The question to you is: What small things do you want to do really well?

Spatial Microsimulation with R – Public Policy Advocates Take Note

Thursday, December 14th, 2017

Spatial Microsimulation with R by Robin Lovelace and Morgane Dumont.

Apologies for the long quote below but spatial microsimulation is unfamiliar enough that it merited an introduction in the authors’ own prose.

We have all attended public meetings where developers, polluters, landfill operators, etc., had charts, studies, etc., and the public was armed with, well, its opinions.

Spatial Microsimulation with R can put you in a position to offer alternative analysis, meaningfully ask for data used in other studies, in short, arm yourself with weapons long abused in public policy discussions.

From Chapter 1, 1.2 Motivations:

Imagine a world in which data on companies, households and governments were widely available. Imagine, further, that researchers and decision-makers acting in the public interest had tools enabling them to test and model such data to explore different scenarios of the future. People would be able to make more informed decisions, based on the best available evidence. In this technocratic dreamland pressing problems such as climate change, inequality and poor human health could be solved.

These are the types of real-world issues that we hope the methods in this book will help to address. Spatial microsimulation can provide new insights into complex problems and, ultimately, lead to better decision-making. By shedding new light on existing information, the methods can help shift decision-making processes away from ideological bias and towards evidence-based policy.

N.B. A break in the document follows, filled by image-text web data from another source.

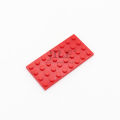 15pcs Moc 3035 Small Base Short Plate 4x8 DIY Creative Enlighten Building Blocks Bricks Compatible with Assembles Kids Toys. 
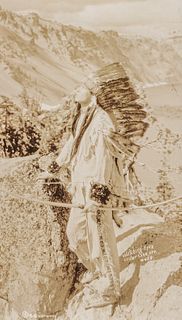 Burhl R. Harwood Photo Native American Crater Lake c1910s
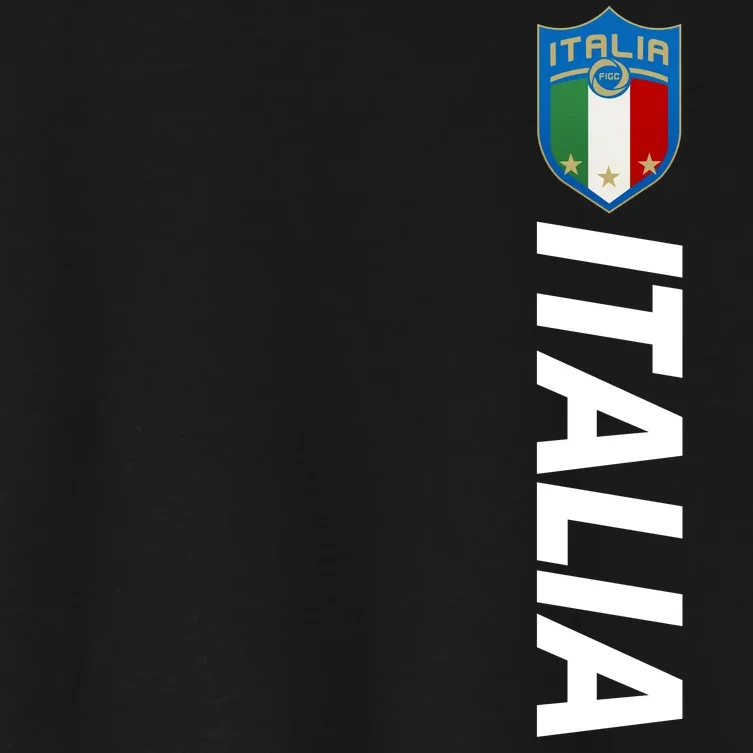 Proud Italian Italia Soccer Jersey Champs Women's Crop Top Tee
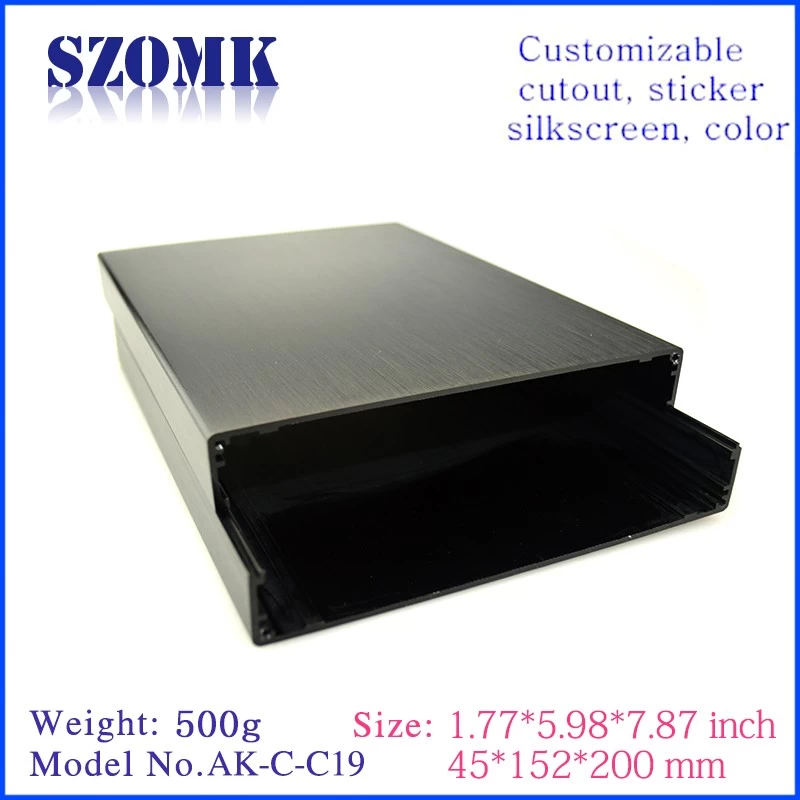Szomk electronics aluminum junction box  project case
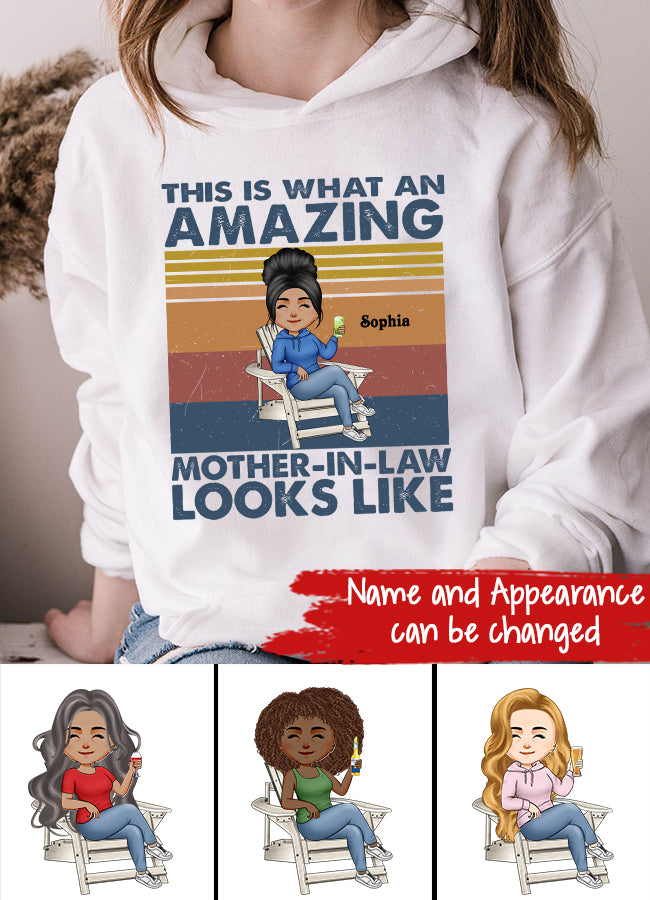 Personalized Mothers Day Shirts, Mother In Law Shirt, Mothers Day Shirt, Mother‘s Day Gifts For Mother In Law, Awesome Mother In Law T Shirt, First Mothers Day Gift, Mother Day Gift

The ‘open data’ movement has made many datasets more widely available. However, the dream sketched in the opening paragraph is still far from reality. Researchers typically must work with data that is incomplete or inaccessible. Available datasets often lack the spatial or temporal resolution required to understand complex processes. Publicly available datasets frequently miss key attributes, such as income. Even when high quality data is made available, it can be very difficult for others to check or reproduce results based on them. Strict conditions inhibiting data access and use are aimed at protecting citizen privacy but can also serve to block democratic and enlightened decision making.

The empowering potential of new information is encapsulated in the saying that ‘knowledge is power’. This helps explain why methods such as spatial microsimulation, that help represent the full complexity of reality, are in high demand.

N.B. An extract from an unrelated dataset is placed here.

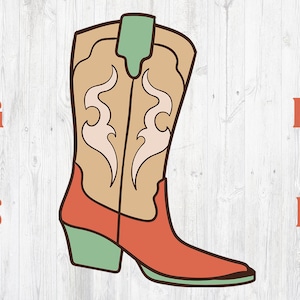 Cowboy Boot SVG, Boot SVG, Western SVG, Cowboy svg, Cowboy Boot Clipart, Western Clipart, Cowboy Boots  svg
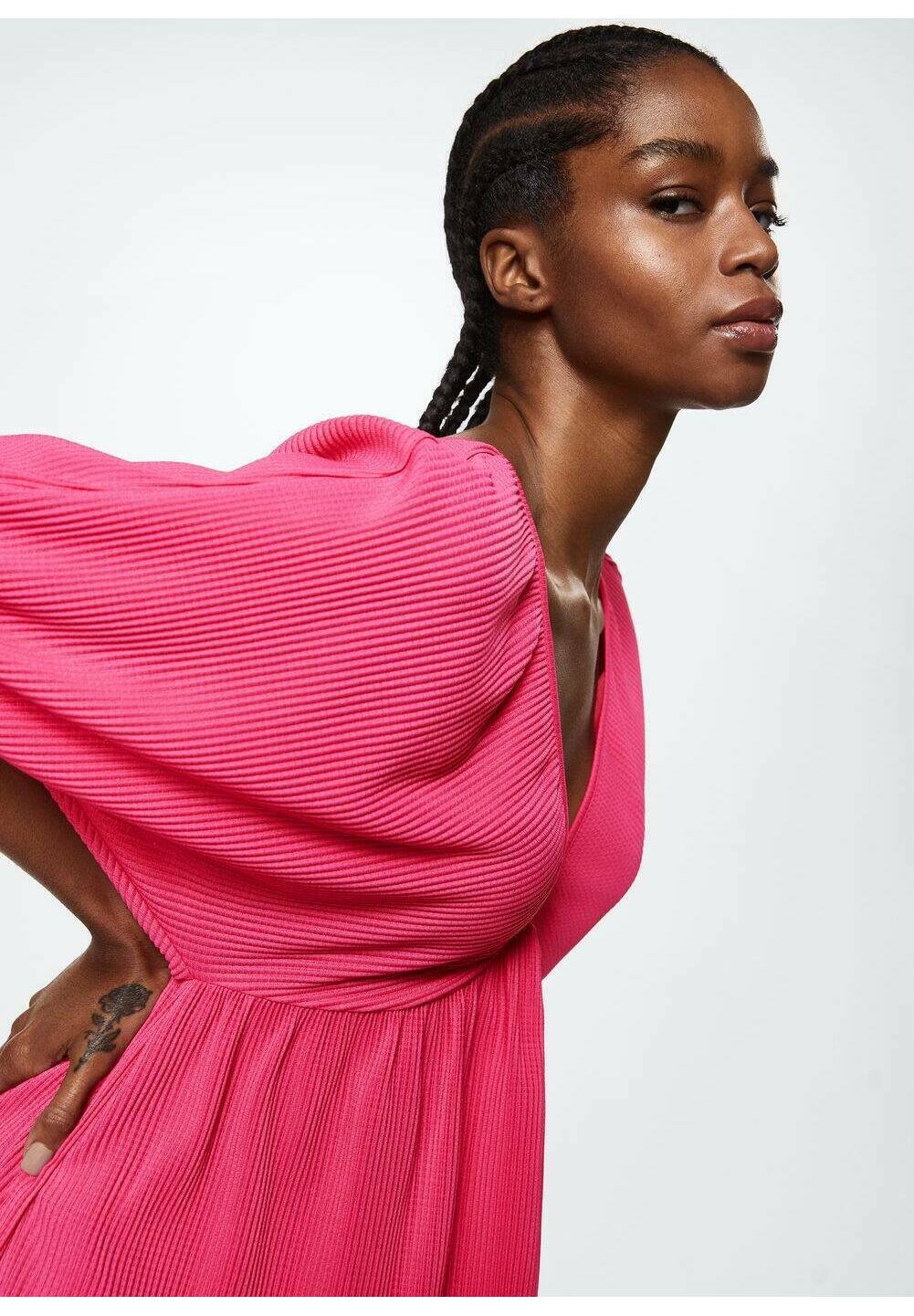 Mango Jumper dress - fuchsia/pink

Spatial microsimulation is a growing approach to studying complex issues in the social sciences. It has been used extensively in fields as diverse as transport, health and education (see Chapter ), and many more applications are possible. Fundamental to the approach are approximations of individual level data at high spatial resolution: people allocated to places. This spatial microdata, in one form or another, provides the basis for all spatial microsimulation research.

The purpose of this book is to teach methods for doing (not reading about!) spatial microsimulation. This involves techniques for generating and analysing spatial microdata to get the ‘best of both worlds’ from real individual and geographically-aggregated data. Population synthesis is therefore a key stage in spatial microsimulation: generally real spatial microdata are unavailable due to concerns over data privacy. Typically, synthetic spatial microdatasets are generated by combining aggregated outputs from Census results with individual level data (with little or no geographical information) from surveys that are representative of the population of interest.

The resulting spatial microdata are useful in many situations where individual level and geographically specific processes are in operation. Spatial microsimulation enables modelling and analysis on multiple levels. Spatial microsimulation also overlaps with (and provides useful initial conditions for) agent-based models (see Chapter 12).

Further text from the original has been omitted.